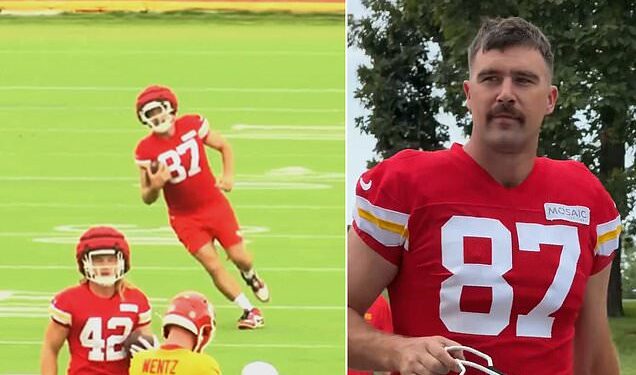 Travis Kelce looks in peak form as he returns to Chiefs training camp after European adventures to see girlfriend Taylor Swift's concerts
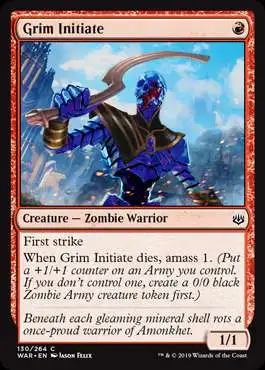 MtG Trading Card Game War of the Spark Common Grim Initiate #130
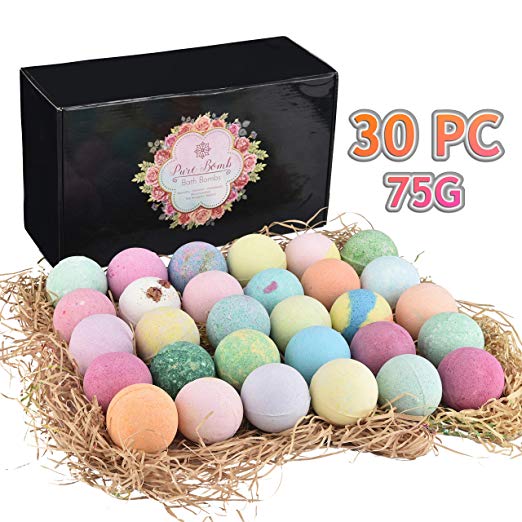 30 Bath Bombs Set by PURE. Natural, Moisturizing, Essential Oils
★ ★ ★ ★ ★
» Task goal: Please return only the lines running from the line with "MtG Trading Card" to the final line of the data, both included, exactly and without any pictures.

» Answer space:
 MtG Trading Card Game War of the Spark Common Grim Initiate #130
 30 Bath Bombs Set by PURE. Natural, Moisturizing, Essential Oils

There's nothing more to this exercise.